静的解析でソースコードの保守性を計測する

TL;DR

maintainability indexを計測する静的解析ツール、maintidxを作成しました。
https://github.com/yagipy/maintidx
スターいただけるとありがたいです！

目的

社内でレビューや設計を行うようになってから、ソースコードの保守性を客観的に計測したいと思うようになりました。
保守性というものは主観的になってしまいやすく、管理がとても難しいと感じています。
しかし管理しなくても良いわけではなく、サービスとしての重要な差別化要因であるI-R Ratio (インシデント数 / リリース数)に直接的に関係していると考えており、ユーザーに対してより高速にバグの少ない機能を提供するために、管理や計測が必要であると考えています。
客観的に計測する方法として、I-R Ratioを計測しその数値を低く保つためにソースコードを改善することで、間接的に保守性を高めるという方法があると思います。
ただ、インシデント数とリリース数はリリースしないと計測が難しいため、リリース後でないと該当のソースコードのI-R Ratioが計測できない(保守性を高めることができない)という形になってしまいます。
より早い開発フェーズでのバグ検出は手戻りをなくしアプリの品質向上や工数の削減が望めるため、リリース前のより早いフェーズでソースコードの保守性を高めることができればより良いと思っています。
まとめると、ソースコードの保守性を客観的に、かつより早い開発フェーズで計測・改善しI-R Ratioの数値を改善したいため(ユーザーに対してより高速にバグの少ない機能を提供したいため)、というのが目的になります。

そもそも保守性とは

ISO/IEC 9126-1:2001を参照している記事が多いですが、現在はISO/IEC 25010:2011という改訂版がでているようです。
ISO/IEC 25010:2011ではソフトウェアの保守性を次のように定義しています。

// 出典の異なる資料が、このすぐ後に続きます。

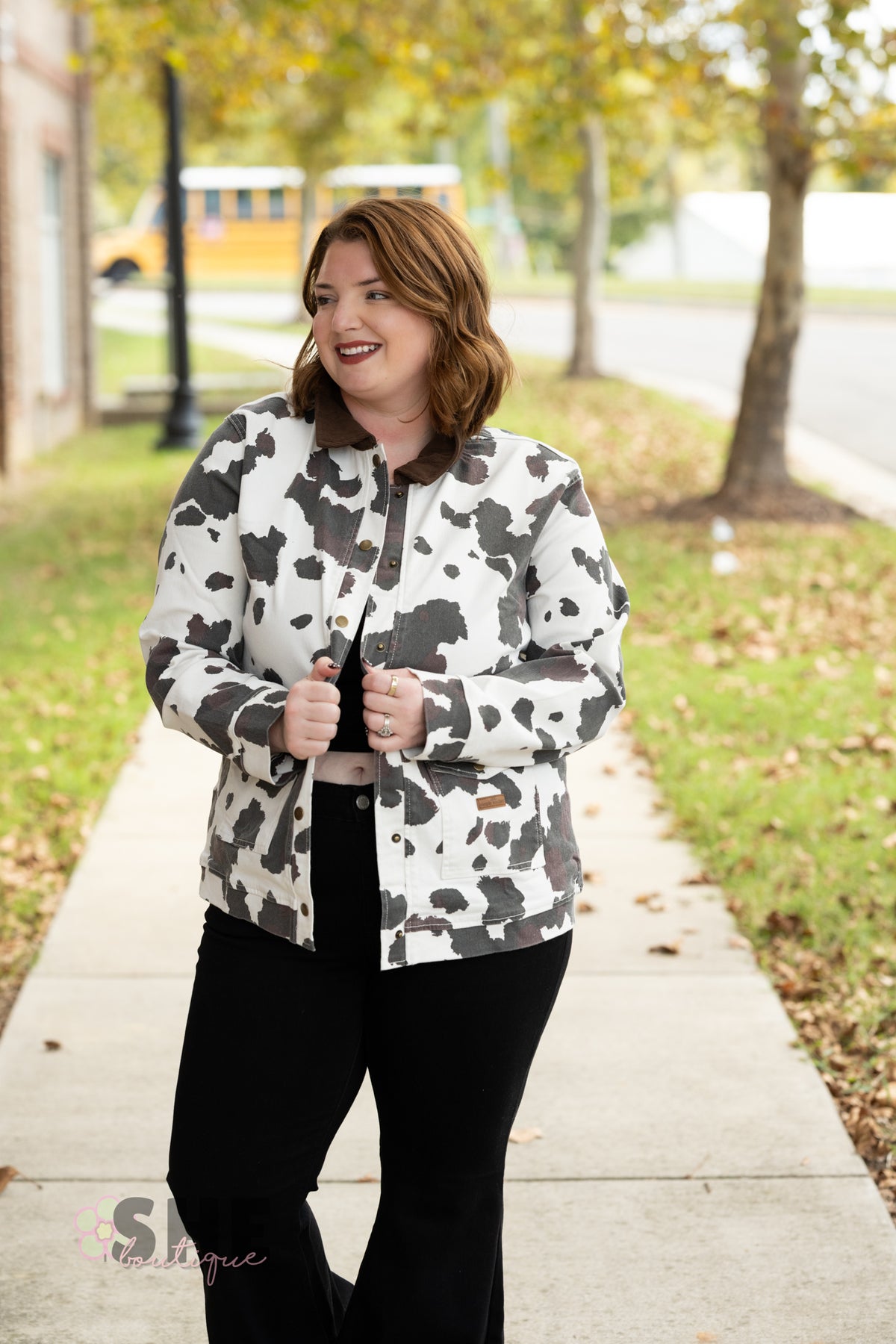 Darling Cow Fur Jacket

This characteristic represents the degree of effectiveness and efficiency with which a product or system can be modified to improve it, correct it or adapt it to changes in environment, and in requirements. This characteristic is composed of the following sub-characteristics:

Modularity - Degree to which a system or computer program is composed of discrete components such that a change to one component has minimal impact on other components.

Reusability - Degree to which an asset can be used in more than one system, or in building other assets.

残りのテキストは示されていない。